AlphaGo's AI upgrade gets round the need for human input

Thursday, 19 Oct, 2017

Go was considered a hard game for computers to master because, besides being complex, the number of possible moves - more than chess at 10 - is greater than the number of atoms in the universe. There are ten to the power of 170 possible board configurations in Go - more than the number of atoms in the known Universe. (Things like poker are good examples.) Now, a Google-owned AI developer has taken this approach to the game Go, in which AIs only recently became capable of consistently beating humans. The game of Go is constrained to a fixed and strict environment: there's no randomness, luck, or chance affecting the outcome.

The next move from the best possible chain is then played, and the computer players repeat the above steps, coming up with chains of moves ranked by strength. In a head-to-head matchup, AlphaGo Zero defeated the original program by 100 games to none. And that's why it was such a big deal when AlphaGo defeated Go champion Lee Sedol by 4-1 past year. "AlphaGo Zero is now the strongest version of our program and shows how much progress we can make even with less computing power and zero use of human data".

He enthuses about an idea some may find rather scary - that in just a few days a machine has surpassed the knowledge of this game acquired by humanity over thousands of years.

It's official; artificial intelligence no longer needs to learn from humans.

"The previous version of AlphaGo was also an unbelievable achievement, but in some ways, this now feels complete", says Martin Mueller, a computer scientist at the University of Alberta, in Edmonton, Canada, who also studies Go programs. The only human input is to tell it the rules of the game. AlphaGo Zero, however, uses a single neural network. The AI learned without supervision-it simply played against itself, and soon was able to anticipate its own moves and how they would affect a game's outcome.

Roger Huyshe, president of the British Go Association, said: "AlphaGo wasn't only a big moment for the Go community it was a big leap forward for AI". David Silver, a lead researcher on AlphaGo, said it's an effective technique because the opponent is always the right level of difficulty.

"For us AlphaGo wasn't just about winning the game of Go, it was also a big step for us towards building general goal learning algorithms", he said.

Both AlphaGo and AlphaGo Zero use a machine-learning approach known as reinforcement learning (see "10 Breakthrough Technologies 2017: Reinforcement Learning") as well as deep neural networks. Using the results of those games, it then taught a separate game-prediction network to predict whether a given move would lead to a win.

The AI learns the moves that will maximize its chance of winning through trial and error - called "reinforcement learning" - and was trained exclusively by playing games against itself. Researchers didn't feed its neural network any data from past games played by humans. "So we end up with a new version of AlphaGo Zero that's even stronger than what came before and in turn as this process is repeated, it gives rise to ever better quality data which is used to train even better neural networks, and the process repeats". The software is a distillation of previous systems DeepMind has built: It's more powerful, but simpler and doesn't require the computational power of a Google server to run. But its predecessors used ten times that number. So, he says, it remains to be seen how well AlphaGo Zero's techniques can work in less structured domains. AI agents today can typically excel at one task (such as a game) but they'd struggle to do multiple tasks at the same time, especially if those tasks are in different domains.

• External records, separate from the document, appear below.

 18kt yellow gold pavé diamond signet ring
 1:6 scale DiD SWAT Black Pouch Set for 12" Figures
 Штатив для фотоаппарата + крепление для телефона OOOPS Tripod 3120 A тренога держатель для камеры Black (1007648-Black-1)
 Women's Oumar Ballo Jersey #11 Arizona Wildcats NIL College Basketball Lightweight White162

"Ultimately we want to harness algorithmic breakthroughs like this to help solve all sorts of pressing real world problems like protein folding or designing new materials".

"We're trying to build general goal learning algorithms here and this is just one step towards that, but quite an exciting step", said Hassabis during the press briefing.

Numerous team have now moved on to new projects where they are trying to take this technique to new areas.